Resources in Telo have one of two lifetimes. Most resources are singleton-scoped: initialized once at kernel boot and torn down when the kernel stops. But some resources are execution-scoped: they exist only for the duration of a single operation, initialized when the operation starts and torn down when it ends. Each invocation of the operation gets a fresh set.

The canonical use case is Kernel.Runnable: start an HTTP server inside the scope, run test steps against it, and have the server torn down automatically when the job completes — without keeping the process alive. The pattern is not exclusive to runnables; any resource kind can declare a scoped field under any name it chooses.

Declaring a scoped field with x-telo-scope

A definition author marks a field as an execution scope using the x-telo-scope custom schema keyword. Its value is a JSON Pointer (RFC 6901) declaring where in the parent resource's config the scope is visible — all x-telo-ref resolutions within that path have access to the scoped resources. A scope visible in multiple paths uses an array.

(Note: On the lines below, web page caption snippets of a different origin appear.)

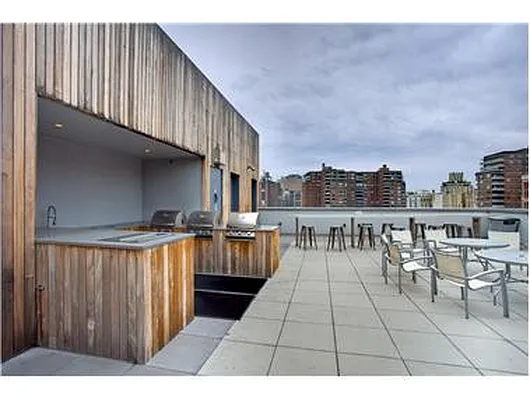 Rented by Douglas Elliman | media 38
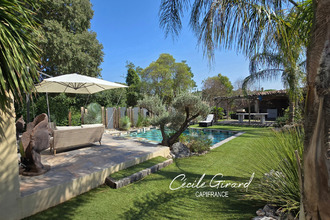achat maison beziers 34500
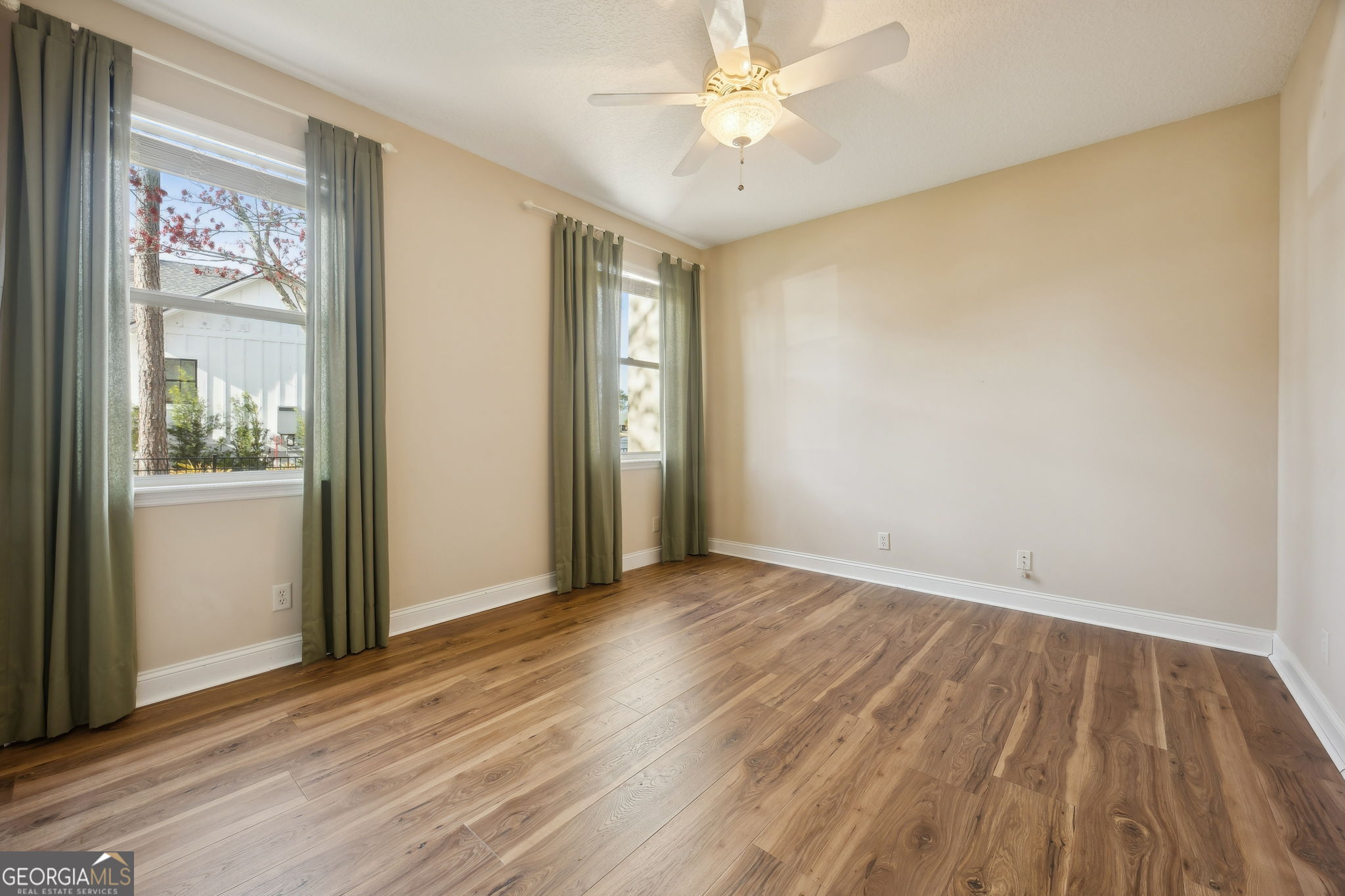 2491 Isles Of St Marys Way Property Photo 56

JSON Pointer visibility is a prefix match. A ref slot is considered "within the scope" if its field path, expressed as a JSON Pointer, starts with the declared pointer. For example, x-telo-scope: /steps covers /steps/0/invoke, /steps/1/handler, and any deeper path under /steps. Both the analyzer (deciding which refs check the scope when resolving names) and Phase 5 (deciding which ref slots to skip at boot) use this same prefix rule. The field value is an array of resource manifests, including Kernel.Import entries:

# Kernel.Runnable definition schema
kind: Kernel.Definition
metadata:
  name: Runnable
  module: Kernel
schema:
  type: object
  properties:
    with:
      x-telo-scope: /steps # resources in 'with' are visible to x-telo-ref fields within /steps
    steps:
      type: array
      items:
        type: object
        properties:
          invoke:
            x-telo-ref: "kernel#Invocable"

Example

kind: Run.Sequence
metadata:
  name: DataSync
  module: MyApp
steps:
  - name: Fetch
    invoke:
      kind: Http.Request
      name: FetchData # resolved against the 'with' scope
with:
  - kind: Kernel.Import
    metadata:
      name: Http
    source: std/http-client
  - kind: Http.Request
    metadata:
      name: FetchData
    url: "https://api.example.com/data"

Runtime injection — ScopeHandle

x-telo-scope fields participate in Phase 5 injection alongside x-telo-ref fields. Rather than injecting a live resource instance, the kernel replaces the raw manifest array with a ScopeHandle — an object the controller calls to open the scope:

export interface ScopeHandle {
  run<T>(fn: (scope: ScopeContext) => Promise<T>): Promise<T>;
}

export interface ScopeContext {
  /** Returns the initialized instance for the given name.
   *  Throws synchronously if the name was not declared in the scope —
   *  this is always a programming error; all scope members are statically
   *  validated in Phase 3 before the kernel ever reaches runtime. */
  getInstance(name: string): ResourceInstance;
}

ScopeHandle.run() initializes all declared resources in the scope, executes the callback with a ScopeContext giving access to those instances by name, then tears them down when the callback resolves or rejects. Each call to run() produces a fresh initialization. The controller decides when and how many times to open the scope — the kernel has no involvement in that decision:

async run() {
  await this.config.with.run(async (scope) => {
    const fetcher = scope.getInstance("FetchData");
    await fetcher.invoke(inputs);
  });
}

Injected<T> transforms x-telo-scope fields from ResourceManifest[] to ScopeHandle, the same way it transforms x-telo-ref fields from {kind, name} to live instances. This pattern is not specific to Kernel.Runnable or run() — any resource kind that declares an x-telo-scope field receives a ScopeHandle and manages it as it sees fit.

Lifetime

Scoped resources are initialized when ScopeHandle.run() is called and torn down when it returns. They are never pre-initialized at boot. Each call to run() gets a fresh initialization — resources do not carry state across calls.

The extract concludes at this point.